Data is Good, More Data is Better, and Lots More Data is Best
December 7, 2008 Leave a comment
By way of Geeking with Greg who talks about a presentation that Peter Norvig gave.
His core point was that “code is a liability”. Relying on data over code as much as possible allows simpler code that is more flexible, adaptive, and robust.
In one of several examples, Peter put up a slide showing an excerpt for a rule-based spelling corrector. The snippet of code, that was just part of a much larger program, contained a nearly impossible to understand let alone verify set of case and if statements that represented rules for spelling correction in English. He then put up a slide containing a few line Python program for a statistical spelling correction program that, given a large data file of documents, learns the likelihood of seeing words and corrects misspellings to their most likely alternative. This version, he said, not only has the benefit of being simple, but also easily can be used in different languages.

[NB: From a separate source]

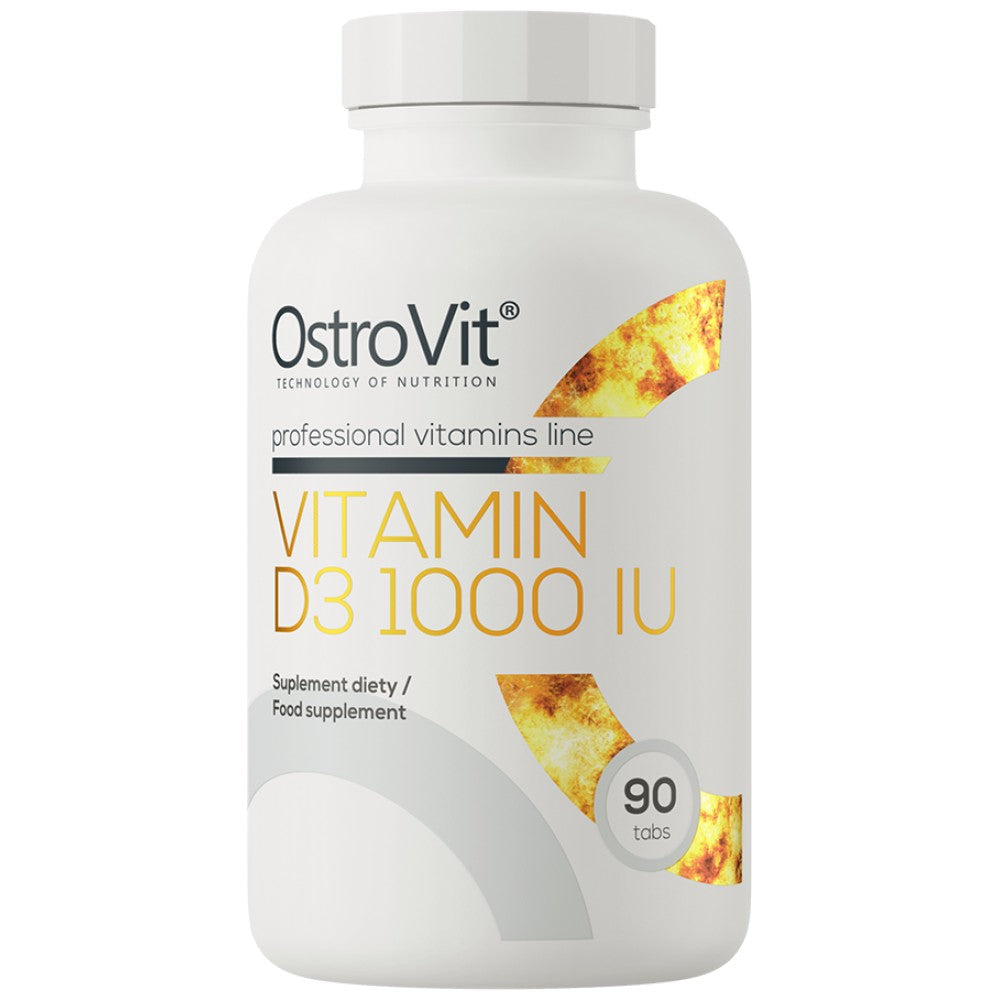 Vitamin D3 1000 iu 90 tablet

For another example, Peter pulled from Jing et al, “Canonical Image Selection from the Web” (ACM), which uses a clever representation of the features of an image, a huge image database, and clustering of images with similar features to find the most representative image of, for example, the Mona Lisa on a search for [mona lisa].
Peter went on to say to say that more data seems to help in many problems more than complicated algorithms. More data can hit diminishing returns at some point, but the point seems to be fairly far out for many problems, so keeping it simple while processing as much data as possible often seems to work best. Google’s work in statistical machine translation works this way, he said, primarily using the correlations discovered between the words in different languages in a training set of 18B documents.
I think Peter Norvig made the same points in another presentation I listened to a couple of years ago so this is not new but is very interesting nonetheless because it suggests that training simple algorithms with LOTS of data is better than designing complex algorithms. I would also be curious how the simple algorithms plot against the quantity of data, basically the curve, and would be interested to see what quantities of data would be needed to reach 100%.